Just awful. Some passages shine, but there is so much stuff larded in
between that it’s almost impossible to keep track or, ultimately, to
care. When it takes 600 pages for a main character to show up, you
start to get the feeling you’ve been had.
Making matters even worse is Pynchon’s trademark reliance on character
names that seem so willfully obscure they succeed only in taking you
out of the story. The more ridiculous, punning and awkwardly metaphoric
examples include Merle Rideout, Professor Heino Vanderjuice, Fleetwood
Vibe, Dodge Flannelette, Dr. Templeton Blope, Hastings Throyle,
Nicholas Nookshaft, Wren Provenance, Booth Virbling, Miss Oomie
Vamplet, Gideon Candlebrow, Captain Q. Zane Toadflax, Yashmeen
Halfcourt, Cyprian Latewood, Chick Counterfly, Linday Noseworth and
Darby Suckling. Each one worse than the last.

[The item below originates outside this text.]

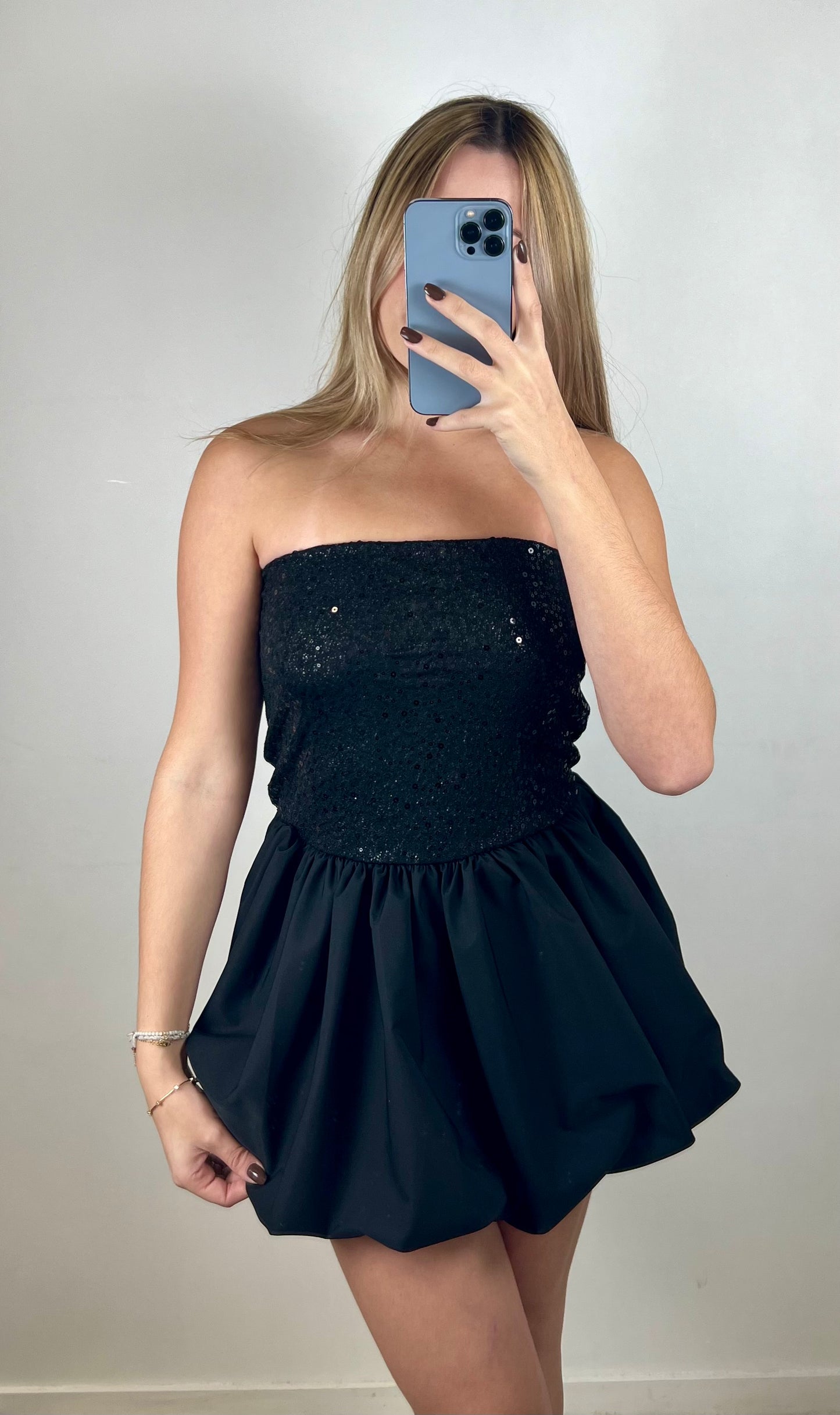 Robe Isa noir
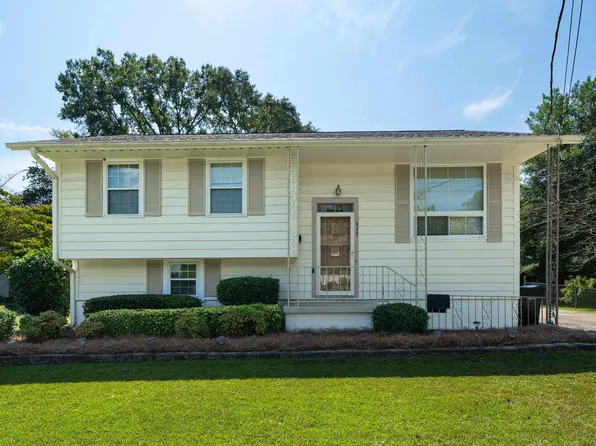 417 Debbie Dr, Trussville, AL 35173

Everything else aside, it’s the Chums of Chance—boy adventurers who
travel the world by hot air balloon—who serve as the absolute nadir of
the book, and perhaps all books everywhere, ever written, in history.
If it’s hard to care about most of the stony, emotionless caricatures
elsewhere, it’s the insufferable affectations of this airborne Boy
Scout brigade and their hammy 1920s-newsies-style jargon that bring
every chapter they coincidentally float into to a crashing,
catastrophic halt. You’ll want them to die. I’m not exaggerating.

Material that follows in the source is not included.